C'est un livre très complexe, car Rousseau, au-delà du récit, volontairement scandaleux par son impudeur de son existence, y insère une partie de sa pensée philosophique, de sa vision du monde. Pas forcément d'une manière explicite, en partie en référence à d'autres textes. Loin de s'y montrer en pauvre être malheureux, l'auteur y fait preuve d'une capacité de persiflage très élaboré, pas plus bienveillant que la mordante ironie voltairienne, mais bien plus codé, réservé à ceux qui pourront le décrypter.

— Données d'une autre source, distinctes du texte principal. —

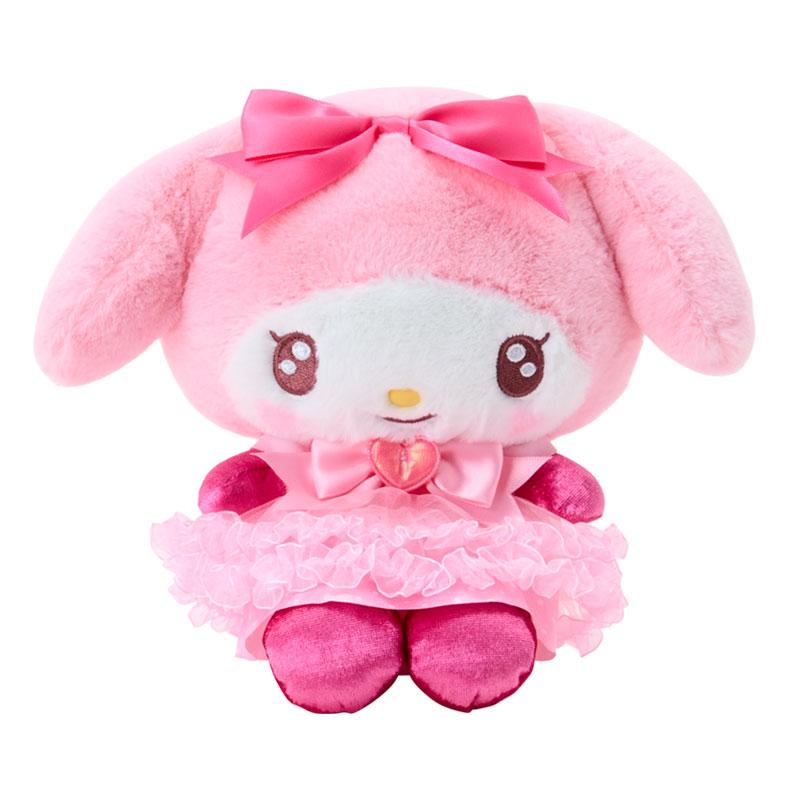 Sanrio My Melody Colorful Dress Plush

L'ironie et le persiflage débutent dès les premières lignes du texte, lignes devenues très célèbres :

« Je forme une entreprise qui n'eut jamais d'exemple, et dont l'exécution n'aura point d'imitateur. Je veux montrer à mes semblables un homme dans toute la vérité de la nature ; et cet homme, ce sera moi. »

Or Rousseau sait parfaitement que tout lecteur de son oeuvre, connaît les Confessions de St Augustin (ce n'est plus forcément le cas maintenant, mais cela l'était au XVIIIe siècle) et fera immédiatement le rapprochement. C'est comme s'il déclarait nulle et non avenue la grande oeuvre de son illustre prédécesseur. Et de nombreux passages du livre de Rousseau peuvent paraître s'inspirer de l'évêque d'Hippone, voire d'en offrir des sortes de parodies. On peut citer le vol de pomme perpétré par Rousseau, en opposition au vol de poires de St Augustin. Mais Rousseau décrit l'épisode de manière très humoristique, dans une sorte de fausse innocence, sans aucun sentiment de culpabilité. Son seul problème, c'est le fait d'être découvert et puni.

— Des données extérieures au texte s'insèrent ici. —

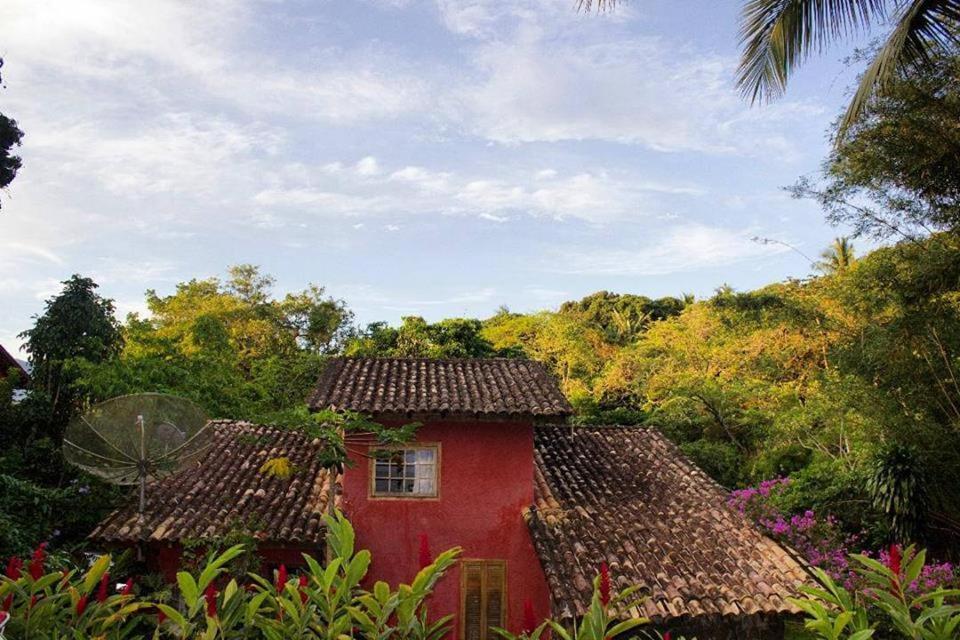 Casa Da Ro Bed & Breakfast Ilhabela Exterior photo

Le fait majeur, celui qui change toute la vie de St Augustin, c'est sa conversion de coeur, qui a lieu dans un jardin à Milan. Rousseau semble s'y référer dans une scène importante de ses Confessions, celle d'une sorte d'illumination qu'il connaît sur la route de Vincennes (il y va pour rendre visite à Diderot emprisonné). Sous un arbre, il lit, non pas la Bible, mais le Mercure de France, qui annonce un concours (Si le progrès des sciences et des arts a contribué à corrompre ou à épurer les moeurs ? ). St Augustin a reçu la grâce divine, le poussant à prêcher, à célébrer Dieu, et en essayant de convertir les hommes. Rousseau se sentira aussi la mission de répandre une bonne parole, mais une parole « laïque », une parole de raison, d'où Dieu est absent.

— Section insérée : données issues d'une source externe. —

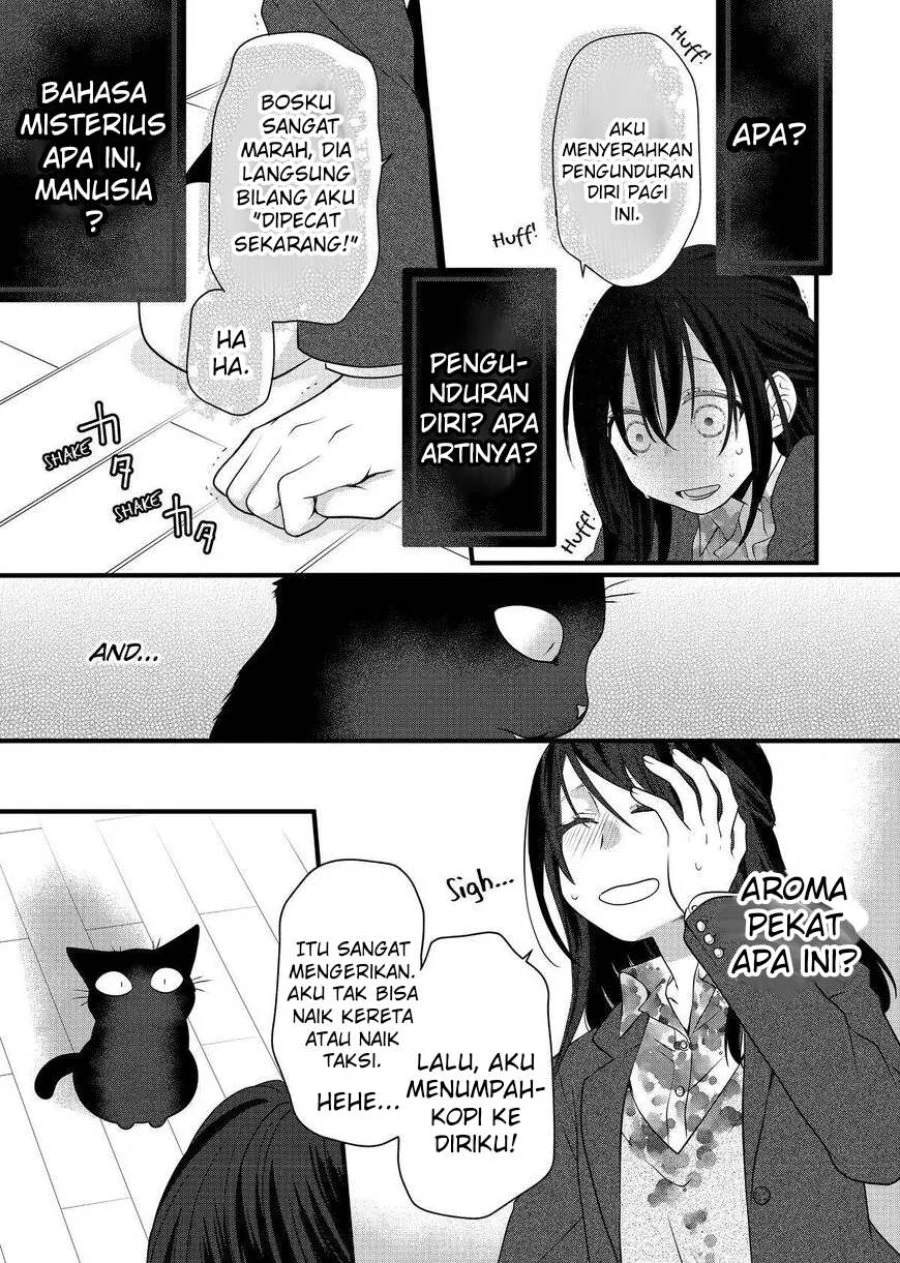 The Masterful Cat is Depressed Again Today Chapter 69.5 - halaman 9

Il y a une opposition radicale dans la vision de l'humanité des deux hommes. St Augustin considère que l'homme est corrompu depuis le péché originel, et que seul la grâce de Dieu peut le sauver. Livré à ses seules forces, il est perdu, car le mal l'habite. Pour Rousseau, le mal vient de la société, de son organisation. L'homme est naturellement bon, c'est l'éducation et l'organisation de la société qui le corrompent. Les deux auteurs puisent dans leurs expériences respectives de quoi illustrer ces deux thèses opposés. Rousseau met en exergue son expérience lors de son apprentissage, chez un maître cruel, où il aurait appris à voler et à mentir, pour survivre plus que par plaisir.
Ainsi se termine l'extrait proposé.